# How to STOP leopard geckos breeding



## spottygeckos2011 (Mar 25, 2011)

Hi everybody, i just wanted to know if there was a way to stop leopard geckos breeding, but still keep them in the same viv. 
I would like another gecko, but i only have males and i dont want loads of babies(i cant get another viv either)


----------



## Khaos (Jul 9, 2007)

1) Have only females
2) See 1...


----------



## rum&coke (Apr 19, 2009)

So you have two males and one viv? 
Please tell me they are not in the same viv


----------



## kirky1980 (Apr 4, 2010)

spottygeckos2011 said:


> Hi everybody, i just wanted to know if there was a way to stop leopard geckos breeding, but still keep them in the same viv.
> I would like another gecko, but i only have males and i dont want loads of babies(i cant get another viv either)

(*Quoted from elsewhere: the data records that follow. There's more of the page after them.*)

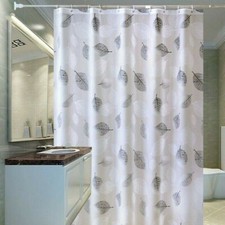 Bathroom Shower Curtain PEVA Translucent Bath Curtain Waterproof Ring Modern New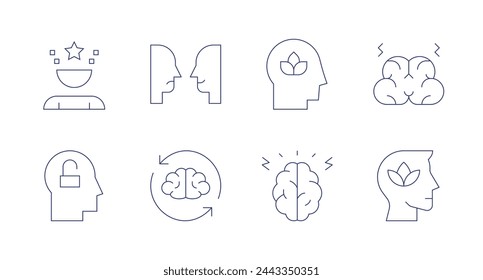 Iconos de atención plena. Trazo editable. Conteniendo mente, expectativa, bipolar, mente abierta, inteligencia, bienestar, trastorno mental, cerebro.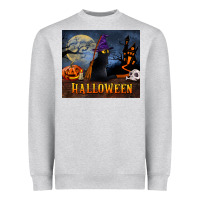 Heather Grey Black Cat Halloween Heavyweight Sweatshirt - LillyAllenDesigns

if you keep a male and female in the same viv then you are gonna get babies at some point plus the fact it isnt recomended to keep them together all the time as the male will harass the female to mate constantly which could result in a dead female worst case scenario.

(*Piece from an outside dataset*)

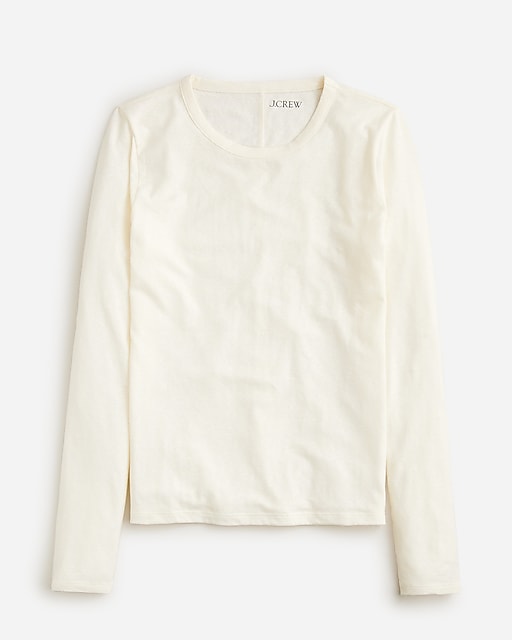 womens Stretch linen-blend crewneck long-sleeve T-shirt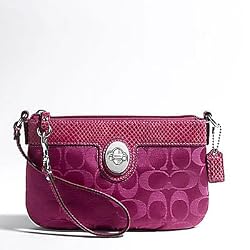 Coach Signature Peyton Capacity Wristlet Bag Clutch Wallet Fuchsia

plus any new comers to your collection will need quarentined some a seperate setup would be need anyway.

you could use a faunarium but im unsure weather they would be big enough for and adult leo.: victory:


----------



## mmcdermid (Feb 26, 2009)

split the viv in half if it big enough.....or see above lol


----------



## MP reptiles (Dec 30, 2010)

rum&coke said:


> So you have two males and one viv?
> Please tell me they are not in the same viv


 ye that exactly what i thought if you do get them seperated now


----------



## C4RL (Jun 9, 2010)

Tell him to tell the female she has a big bum :whistling2:
Usually stops me getting any lol


----------



## MP reptiles (Dec 30, 2010)

C4RL said:


> Tell him to tell the female she has a big bum :whistling2:
> Usually stops me getting any lol


 unless he has fantasys..... back to the original question


----------



## spottygeckos2011 (Mar 25, 2011)

No i have a 2 foot viv with one male leopard gecko 
And a 3 foot viv with another male gecko, Would i be able to split the 3 foot viv until it is not breeding season?


----------



## Bradley (Aug 26, 2009)

leopard geckos will breed all year round they dont have a set breeding season


----------



## MP reptiles (Dec 30, 2010)

spottygeckos2011 said:


> No i have a 2 foot viv with one male leopard gecko
> And a 3 foot viv with another male gecko, Would i be able to split the 3 foot viv until it is not breeding season?


 i think it will be too small


----------



## sazzle (Jun 3, 2008)

if you can't get another viv could get a RUB, if you keep 2 leos together regardless of sex there will always be one who eats more than the other, that's why i now keep mine individually x


----------



## rum&coke (Apr 19, 2009)

You could just sell the viv's and make a rack then you can keep as many leopard geckos as you like.


----------